Work required: Beginning with the line that contains "Greetings and salutations, viewers." in the material below, print each line exactly until the line that contains "Different file formats" has been printed, then stop.
━━━
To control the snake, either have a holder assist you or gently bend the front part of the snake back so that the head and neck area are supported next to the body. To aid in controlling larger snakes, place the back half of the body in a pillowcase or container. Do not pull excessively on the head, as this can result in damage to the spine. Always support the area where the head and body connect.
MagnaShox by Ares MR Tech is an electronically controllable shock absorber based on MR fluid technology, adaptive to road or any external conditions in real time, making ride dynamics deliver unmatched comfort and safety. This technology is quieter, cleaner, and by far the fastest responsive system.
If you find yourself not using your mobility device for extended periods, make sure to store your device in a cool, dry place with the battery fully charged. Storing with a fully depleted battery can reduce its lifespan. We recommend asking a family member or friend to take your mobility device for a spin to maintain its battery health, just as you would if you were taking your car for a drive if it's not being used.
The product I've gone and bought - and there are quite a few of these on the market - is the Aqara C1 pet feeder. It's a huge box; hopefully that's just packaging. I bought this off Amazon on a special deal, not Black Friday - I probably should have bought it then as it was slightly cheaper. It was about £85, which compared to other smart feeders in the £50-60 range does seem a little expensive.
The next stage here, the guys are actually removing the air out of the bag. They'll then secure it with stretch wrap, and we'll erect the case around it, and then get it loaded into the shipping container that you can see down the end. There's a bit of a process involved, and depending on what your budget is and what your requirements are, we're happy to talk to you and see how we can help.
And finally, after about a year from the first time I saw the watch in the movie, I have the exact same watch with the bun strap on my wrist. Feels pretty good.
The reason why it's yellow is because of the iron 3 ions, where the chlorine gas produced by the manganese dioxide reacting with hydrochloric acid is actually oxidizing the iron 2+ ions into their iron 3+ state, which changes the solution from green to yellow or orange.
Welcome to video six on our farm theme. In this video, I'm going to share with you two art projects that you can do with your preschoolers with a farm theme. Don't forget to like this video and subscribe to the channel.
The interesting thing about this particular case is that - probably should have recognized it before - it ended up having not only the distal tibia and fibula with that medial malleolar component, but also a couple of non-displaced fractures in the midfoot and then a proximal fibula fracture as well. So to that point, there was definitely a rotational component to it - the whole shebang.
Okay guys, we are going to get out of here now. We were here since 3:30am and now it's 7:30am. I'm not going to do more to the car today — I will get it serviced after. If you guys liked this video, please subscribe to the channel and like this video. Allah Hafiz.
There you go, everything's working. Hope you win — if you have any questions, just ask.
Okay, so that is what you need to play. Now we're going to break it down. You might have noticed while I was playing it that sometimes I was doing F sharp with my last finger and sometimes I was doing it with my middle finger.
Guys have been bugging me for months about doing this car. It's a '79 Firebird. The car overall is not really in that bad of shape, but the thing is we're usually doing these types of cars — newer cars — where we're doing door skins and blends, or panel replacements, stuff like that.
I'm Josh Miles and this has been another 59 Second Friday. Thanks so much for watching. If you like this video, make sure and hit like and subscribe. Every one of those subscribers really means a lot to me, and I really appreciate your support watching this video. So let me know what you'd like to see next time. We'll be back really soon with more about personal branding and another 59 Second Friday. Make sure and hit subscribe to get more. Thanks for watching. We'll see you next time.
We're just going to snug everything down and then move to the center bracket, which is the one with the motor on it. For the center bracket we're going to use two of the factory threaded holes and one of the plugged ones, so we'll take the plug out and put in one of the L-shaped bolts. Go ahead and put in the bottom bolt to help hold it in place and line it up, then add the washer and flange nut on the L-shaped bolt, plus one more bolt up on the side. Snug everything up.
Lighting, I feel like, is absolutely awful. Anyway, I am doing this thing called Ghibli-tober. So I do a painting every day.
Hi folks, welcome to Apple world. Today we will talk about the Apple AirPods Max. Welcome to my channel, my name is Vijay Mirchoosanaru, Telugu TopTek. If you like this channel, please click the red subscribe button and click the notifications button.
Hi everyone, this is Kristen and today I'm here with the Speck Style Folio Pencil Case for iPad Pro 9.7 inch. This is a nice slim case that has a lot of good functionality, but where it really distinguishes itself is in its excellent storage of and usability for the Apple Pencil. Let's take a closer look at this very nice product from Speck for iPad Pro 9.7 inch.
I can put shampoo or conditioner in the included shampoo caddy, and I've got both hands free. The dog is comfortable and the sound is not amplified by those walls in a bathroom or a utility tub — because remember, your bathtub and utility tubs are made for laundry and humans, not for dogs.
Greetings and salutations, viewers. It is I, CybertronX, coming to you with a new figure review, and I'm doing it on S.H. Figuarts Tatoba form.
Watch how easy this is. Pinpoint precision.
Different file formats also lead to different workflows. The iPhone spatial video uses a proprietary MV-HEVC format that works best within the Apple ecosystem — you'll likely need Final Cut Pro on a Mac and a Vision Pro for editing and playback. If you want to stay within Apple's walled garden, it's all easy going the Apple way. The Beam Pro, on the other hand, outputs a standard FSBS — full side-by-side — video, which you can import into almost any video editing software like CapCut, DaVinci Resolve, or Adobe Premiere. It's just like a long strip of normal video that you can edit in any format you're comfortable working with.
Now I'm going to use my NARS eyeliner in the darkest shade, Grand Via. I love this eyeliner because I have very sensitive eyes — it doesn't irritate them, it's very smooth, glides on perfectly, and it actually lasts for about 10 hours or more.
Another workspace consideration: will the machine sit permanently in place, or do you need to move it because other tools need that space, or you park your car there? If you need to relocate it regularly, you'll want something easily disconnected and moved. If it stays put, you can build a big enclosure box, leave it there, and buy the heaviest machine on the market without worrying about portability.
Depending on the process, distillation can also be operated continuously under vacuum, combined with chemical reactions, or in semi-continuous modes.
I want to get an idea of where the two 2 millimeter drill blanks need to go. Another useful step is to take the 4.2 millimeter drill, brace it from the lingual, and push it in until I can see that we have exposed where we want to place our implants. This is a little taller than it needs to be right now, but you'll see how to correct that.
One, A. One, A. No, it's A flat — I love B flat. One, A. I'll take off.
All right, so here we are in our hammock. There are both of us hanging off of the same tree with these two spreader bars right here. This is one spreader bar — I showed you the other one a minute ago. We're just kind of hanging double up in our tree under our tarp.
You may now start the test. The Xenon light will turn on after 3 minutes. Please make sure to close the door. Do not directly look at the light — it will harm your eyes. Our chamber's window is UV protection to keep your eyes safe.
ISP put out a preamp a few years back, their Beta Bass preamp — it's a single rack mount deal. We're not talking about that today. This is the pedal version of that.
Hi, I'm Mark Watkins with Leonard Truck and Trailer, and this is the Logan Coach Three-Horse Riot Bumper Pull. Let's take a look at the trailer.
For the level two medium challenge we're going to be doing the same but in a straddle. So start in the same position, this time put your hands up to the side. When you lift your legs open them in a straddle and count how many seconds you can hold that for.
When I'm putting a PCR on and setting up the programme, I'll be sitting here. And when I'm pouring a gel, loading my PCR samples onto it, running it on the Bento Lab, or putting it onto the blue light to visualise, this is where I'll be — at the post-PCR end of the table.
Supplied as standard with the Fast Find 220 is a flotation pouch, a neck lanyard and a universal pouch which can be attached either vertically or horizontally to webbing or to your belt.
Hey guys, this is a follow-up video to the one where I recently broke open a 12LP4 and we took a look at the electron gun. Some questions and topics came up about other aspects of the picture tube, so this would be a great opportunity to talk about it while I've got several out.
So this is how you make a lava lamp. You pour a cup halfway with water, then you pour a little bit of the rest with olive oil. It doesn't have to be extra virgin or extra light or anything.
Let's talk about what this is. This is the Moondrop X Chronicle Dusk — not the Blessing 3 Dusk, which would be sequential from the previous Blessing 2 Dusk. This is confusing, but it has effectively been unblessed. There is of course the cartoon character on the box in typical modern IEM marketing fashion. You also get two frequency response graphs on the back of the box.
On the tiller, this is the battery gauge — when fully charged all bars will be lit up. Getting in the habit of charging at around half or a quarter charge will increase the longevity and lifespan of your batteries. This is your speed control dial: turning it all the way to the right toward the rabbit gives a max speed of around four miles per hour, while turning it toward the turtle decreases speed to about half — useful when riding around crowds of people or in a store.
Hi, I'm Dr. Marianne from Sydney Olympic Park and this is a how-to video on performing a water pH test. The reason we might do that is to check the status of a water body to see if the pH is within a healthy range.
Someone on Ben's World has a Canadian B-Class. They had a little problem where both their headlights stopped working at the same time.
━━━
Response to this exercise:
Greetings and salutations, viewers. It is I, CybertronX, coming to you with a new figure review, and I'm doing it on S.H. Figuarts Tatoba form.
Watch how easy this is. Pinpoint precision.
Different file formats also lead to different workflows. The iPhone spatial video uses a proprietary MV-HEVC format that works best within the Apple ecosystem — you'll likely need Final Cut Pro on a Mac and a Vision Pro for editing and playback. If you want to stay within Apple's walled garden, it's all easy going the Apple way. The Beam Pro, on the other hand, outputs a standard FSBS — full side-by-side — video, which you can import into almost any video editing software like CapCut, DaVinci Resolve, or Adobe Premiere. It's just like a long strip of normal video that you can edit in any format you're comfortable working with.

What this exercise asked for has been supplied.